What I’ve thought about so much is the importance of just letting it happen, and the importance of sharing our kids. It would be so easy to keep a very tight reign (and we oftentimes need to; obviously there are times on campus and places on campus when we have to be extra diligent about our kids’ interactions and whereabouts). The challenge is to just let go a little and let our kids bond — independently of us — with students. When we let go and share, amazing things happen.

What we’ve seen in the past year is the ability for people to connect and bond and build relationships — even 8/9 year old people (or 4/5 year old people) with 19/20/21/22-year old people. In fact, I think there is a specialness about the relationships that these two age groups can form. Younger kids are craving feeling truly connected to older/cooler/hipper people (who are not their relatives, parents, or their parents’ friends). And college aged kids are craving feeling truly connected too. We are all just trying to find our way in the world, and our place in it. We all like feeling connected. And sometimes it is just very satisfying to bond with someone very different from yourself.

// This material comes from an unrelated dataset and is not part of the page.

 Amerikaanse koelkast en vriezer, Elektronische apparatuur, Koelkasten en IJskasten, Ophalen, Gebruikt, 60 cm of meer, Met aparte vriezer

Kyle, Owen, and Meera are the only kids living at Lehigh. They are very well known on campus, and they have lots of very real relationships with lots of very amazing students. They get a lot out of all of these relationships. And vice-versa; I can see that the bambinos also have a huge impact on the students they connect with. I don’t know where all of this will lead, what impact it will have on the bambinos, or how this will play out in the long run. All I know is that right now I am confident that it is something special and something good.

It is hard to capture any of this in photos. Because it feels like I’d be infringing on something if I were to try to snap a picture. So, most often, we don’t take pictures of our kids interacting with students. But sometimes we quickly grab a snapshot (often with our iPhones in order to make it feel less invasive and more ‘normal’ — taking photos with phones is, after all, part of the daily status quo of life on campus).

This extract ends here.